Deixe-me pensar um pouco... Uma das minhas experiências favoritas aconteceu durante uma expedição sobre o tubarão-martelo nas Bahamas há cerca de um ano. A expedição foi liderada por um realizador de cinema subaquático chamado Joe Romeiro e por um amigo meu, Curt Slonim, e estava focada no ecoturismo no qual se pode nadar com os tubarões e fotografá-los. Estes animais têm a reputação de serem predadores ferozes, mas, na verdade, quando se entra na água, podemos ver que os tubarões-martelo são bastante tímidos. Foram necessários vários dias para ganhar a sua confiança e nos aproximarmos.

Ao terceiro ou quarto dia da nossa viagem fizemos um mergulho noturno e tínhamos vários tubarões à nossa volta. Quando anoiteceu ligámos as luzes e todos eles se assustaram e fugiram. Apenas um pareceu não ficar incomodado pela luz e ficou. Mergulhávamos sempre aos pares: um mergulhador e um membro da tripulação. Quando chegou a minha vez de descer, pude ver o tubarão a nadar à distância e junto à areia. Era uma noite de lua cheia e via-se um branco brilhante na parte debaixo do "martelo". Enquanto se aproximava, vindo do escuro, tudo o que eu sentia era puro entusiasmo. [ver foto principal do artigo]

Quando se aproximou eu tinha a minha câmara pronta para esperar até que ele chegasse perto o suficiente. No momento certo levantei a câmara com as luzes, carreguei no botão e consegui uma poderosa imagem de um tubarão-martelo, iluminado, a ocupar todo o enquadramento da foto, com a areia sobre ele como se fossem estrelas numa noite de céu estrelado. Foi uma das experiências mais espetaculares que alguma vez vivi.

Tem imenso contacto com jovens estudantes que participam nas expedições. Qual a imagem que eles têm dos tubarões e como é que reagem quando os veem?
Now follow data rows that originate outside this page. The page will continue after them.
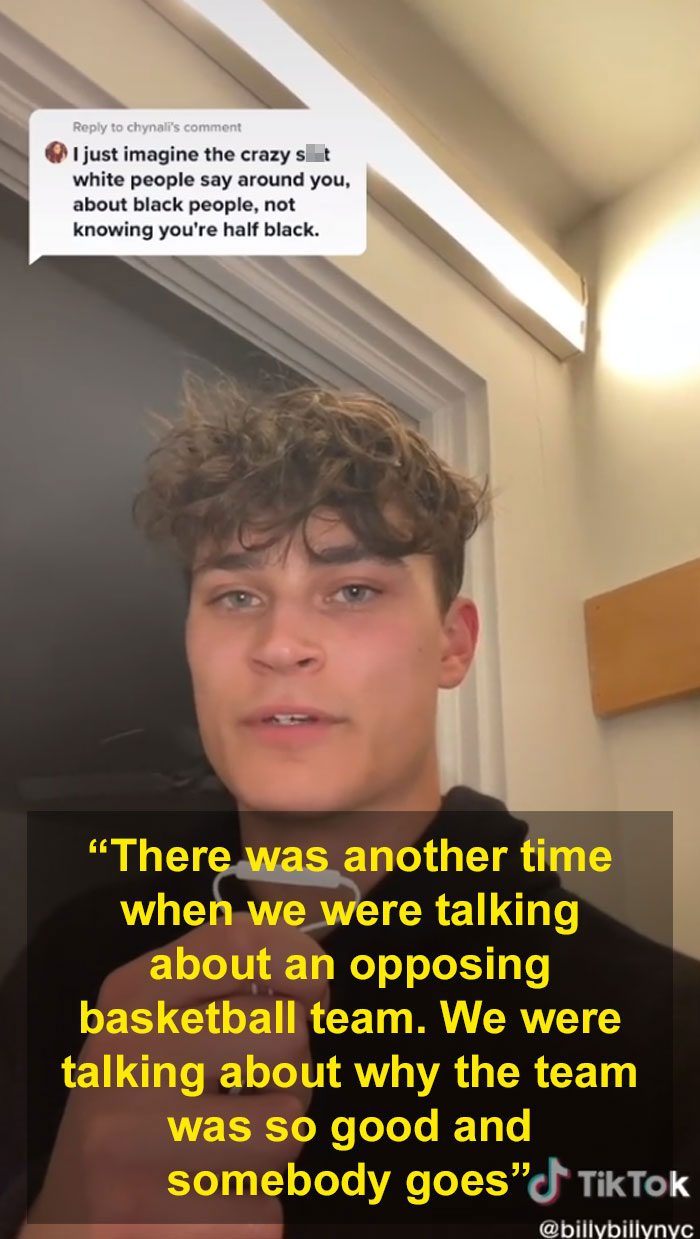 Biracial People Who Pass For White People Share Moments When Blatant Racism Took Place In Front Of Their Very Eyes Biracial People Who Pass For White People Share Moments When Blatant Racism Took Place In Front Of Their Very Eyes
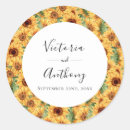 Search for sunflower wedding stickers Script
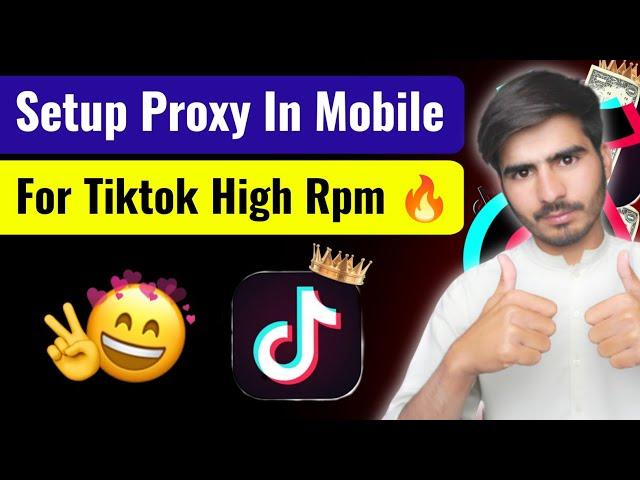 How To Setup Proxy In Mobile | Zia Official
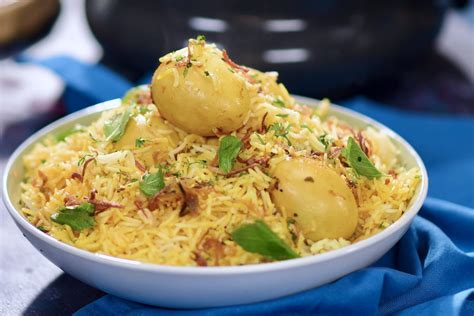 Special Egg Biryani - Chef Kunal Kapur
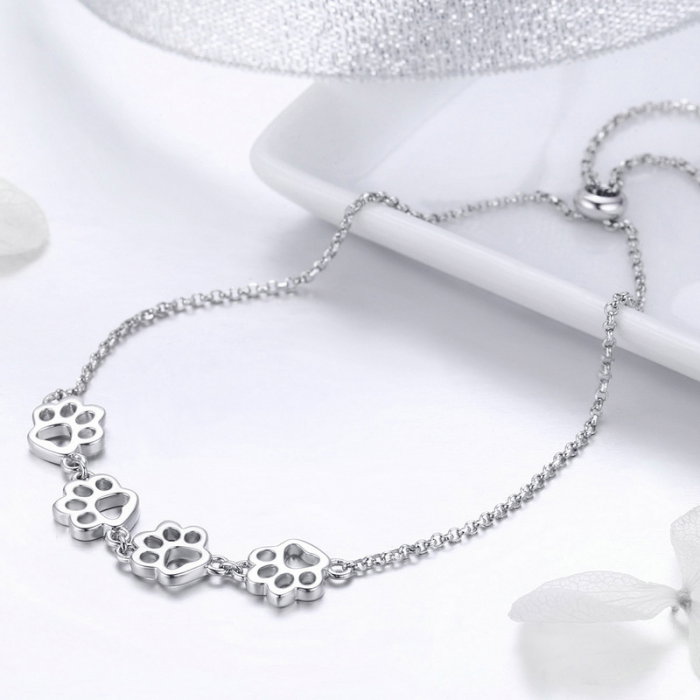 Bratara argint urme de labute [5]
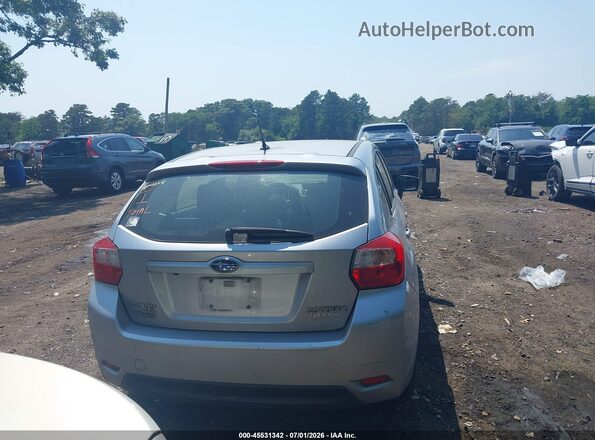 JF1GPAA61G8230022 2016 SUBARU IMPREZA Silver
No meu trabalho na Universidade de Miami tive a oportunidade de conhecer dezenas, senão centenas de alunos do ensino secundário. Muitos destes estudantes nunca tinham estado sequer num barco e entretanto viram-se num barco, no oceano, com investigadores, em contacto direto com os tubarões, a recolher dados, a fazer biópsias, entre outras tarefas. No início destas expedições estão assustados e tímidos, não querem participar, não sabem muito sobre eles e têm medo do desconhecido mas, à medida que iam aprendendendo, começavam a fazer mais e mais questões aos cientistas. Este diálogo foi uma experiência de aprendizagem. Às vezes, colocamos no barco um tubarão como o tubarão terranova (Rhizoprionodon terraenovae) que só tem 1 metro de comprimento e eles olham para ele e dizem "oh, até é giro". E de repente a perceção que têm muda. E se puxarmos um tubarão-tigre (Galeocerdo cuvier) de 3 metros, eles podem ficar a vê-lo nadar à superfície e tocar nele. E dizem "uau, que animal incrível". Eles têm esta oportunidade de estabelecer contacto com os animais e perceber a importância que têm no ecossistema.

Quais são as principais dificuldades do seu trabalho? 

Um dos maiores desafios envolve paciência. Tenho que ser paciente e compreender. É preciso perceber que não podemos controlar tudo. A natureza é a natureza. Às vezes as condições atmosféricas vão ser boas, outras vezes não. Às vezes os tubarões e outros animais vão estar e outras vezes não.

Como fotógrafos da natureza temos de apreciar o que conseguimos nesses dias e quando somos abençoados com a oportunidade de interagir de perto e pessoalmente com um animal selvagem temos de estar preparados. Temos que ter todo o material em perfeitas condições e tudo à mão para que quando aparecer a oportunidade seja possível saltar para a água em segundos para fotografar um tubarão, por exemplo. Podemos estar no terreno por 12 horas, mas a janela de oportunidade pode ser só 5 segundos. Não se pode desperdiçar esses momentos preciosos. Temos de aproveitar cada um deles.

"Deem-lhes outra oportunidade"

Qual é a espécie de tubarão de que mais gosta? Porquê?

A minha espécie de tubarão preferida é o grande tubarão-martelo (Sphyrna mokarran). Acho que eles são os "extraterrestres do nosso oceano". São tão bizarros em comparação com outros tubarões. São enormes e estranhos, com os seus olhos de lado. É um grande exemplo de como a evolução pode dar origem a criaturas tão bizarras e tão especiais. Uma das minhas adaptações preferidas destes animais é que eles podem usar efetivamente o seu "martelo" como uma ferramenta. Têm sensores eletromagnéticos chamados Ampullae of Lorenzini e eles usam-nos para sondar a areia à procura de peixes que possam estar escondidos ou até mesmo de raias.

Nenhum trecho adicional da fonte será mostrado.